_Task_
Return the lines below exactly as they appear, please, starting with the first and ending with the one that contains "Nppa Updated Price List As On 04-05-2023".

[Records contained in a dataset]

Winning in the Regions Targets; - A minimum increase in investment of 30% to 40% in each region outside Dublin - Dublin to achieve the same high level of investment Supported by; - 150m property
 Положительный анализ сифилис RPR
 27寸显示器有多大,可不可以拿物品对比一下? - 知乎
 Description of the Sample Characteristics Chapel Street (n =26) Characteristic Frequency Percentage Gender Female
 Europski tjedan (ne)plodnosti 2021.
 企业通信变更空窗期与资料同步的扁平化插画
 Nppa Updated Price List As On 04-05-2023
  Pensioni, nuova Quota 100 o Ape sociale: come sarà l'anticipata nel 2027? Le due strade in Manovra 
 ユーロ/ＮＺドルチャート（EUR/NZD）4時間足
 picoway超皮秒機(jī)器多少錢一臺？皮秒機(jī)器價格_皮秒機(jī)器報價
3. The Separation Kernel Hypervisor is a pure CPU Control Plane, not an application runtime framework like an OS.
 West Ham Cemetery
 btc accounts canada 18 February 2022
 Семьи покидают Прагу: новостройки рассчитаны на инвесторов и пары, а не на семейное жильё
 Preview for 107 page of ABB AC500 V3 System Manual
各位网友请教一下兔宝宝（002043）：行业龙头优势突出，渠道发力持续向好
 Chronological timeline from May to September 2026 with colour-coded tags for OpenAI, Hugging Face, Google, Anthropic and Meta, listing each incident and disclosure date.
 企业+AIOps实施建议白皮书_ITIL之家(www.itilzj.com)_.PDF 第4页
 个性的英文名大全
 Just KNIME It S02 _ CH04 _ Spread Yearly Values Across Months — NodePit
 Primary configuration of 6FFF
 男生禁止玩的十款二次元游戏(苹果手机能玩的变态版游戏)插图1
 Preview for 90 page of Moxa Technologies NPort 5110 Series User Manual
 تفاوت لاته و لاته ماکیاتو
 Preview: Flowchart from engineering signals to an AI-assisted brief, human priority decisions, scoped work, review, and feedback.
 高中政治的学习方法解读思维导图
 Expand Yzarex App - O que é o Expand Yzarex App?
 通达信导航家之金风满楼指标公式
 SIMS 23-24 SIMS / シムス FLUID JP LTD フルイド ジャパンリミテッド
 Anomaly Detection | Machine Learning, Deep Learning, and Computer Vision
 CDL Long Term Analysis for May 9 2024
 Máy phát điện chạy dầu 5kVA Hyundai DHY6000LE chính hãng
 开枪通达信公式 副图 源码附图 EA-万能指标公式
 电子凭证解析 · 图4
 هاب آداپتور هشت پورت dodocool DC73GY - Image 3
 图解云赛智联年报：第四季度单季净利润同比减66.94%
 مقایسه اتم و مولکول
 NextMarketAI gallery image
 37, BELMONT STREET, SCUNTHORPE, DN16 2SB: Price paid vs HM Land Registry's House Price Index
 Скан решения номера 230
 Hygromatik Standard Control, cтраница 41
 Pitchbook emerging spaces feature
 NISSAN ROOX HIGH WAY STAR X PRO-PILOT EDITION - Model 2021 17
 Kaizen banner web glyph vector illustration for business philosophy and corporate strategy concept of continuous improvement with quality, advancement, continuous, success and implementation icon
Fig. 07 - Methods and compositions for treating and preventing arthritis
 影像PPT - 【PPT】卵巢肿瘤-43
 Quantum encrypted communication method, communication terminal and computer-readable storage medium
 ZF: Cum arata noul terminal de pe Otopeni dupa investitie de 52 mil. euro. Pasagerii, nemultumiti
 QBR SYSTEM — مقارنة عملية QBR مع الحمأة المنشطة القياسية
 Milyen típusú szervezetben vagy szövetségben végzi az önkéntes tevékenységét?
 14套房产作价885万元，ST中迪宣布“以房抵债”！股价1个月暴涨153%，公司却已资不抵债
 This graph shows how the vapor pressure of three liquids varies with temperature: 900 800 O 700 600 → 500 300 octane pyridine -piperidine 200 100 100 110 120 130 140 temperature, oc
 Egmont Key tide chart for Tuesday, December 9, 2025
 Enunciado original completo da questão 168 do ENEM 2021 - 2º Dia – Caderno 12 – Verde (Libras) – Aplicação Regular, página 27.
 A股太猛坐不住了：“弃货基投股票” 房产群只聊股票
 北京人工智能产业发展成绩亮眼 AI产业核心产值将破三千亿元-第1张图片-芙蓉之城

_Written reply_
Winning in the Regions Targets; - A minimum increase in investment of 30% to 40% in each region outside Dublin - Dublin to achieve the same high level of investment Supported by; - 150m property
 Положительный анализ сифилис RPR
 27寸显示器有多大,可不可以拿物品对比一下? - 知乎
 Description of the Sample Characteristics Chapel Street (n =26) Characteristic Frequency Percentage Gender Female
 Europski tjedan (ne)plodnosti 2021.
 企业通信变更空窗期与资料同步的扁平化插画
 Nppa Updated Price List As On 04-05-2023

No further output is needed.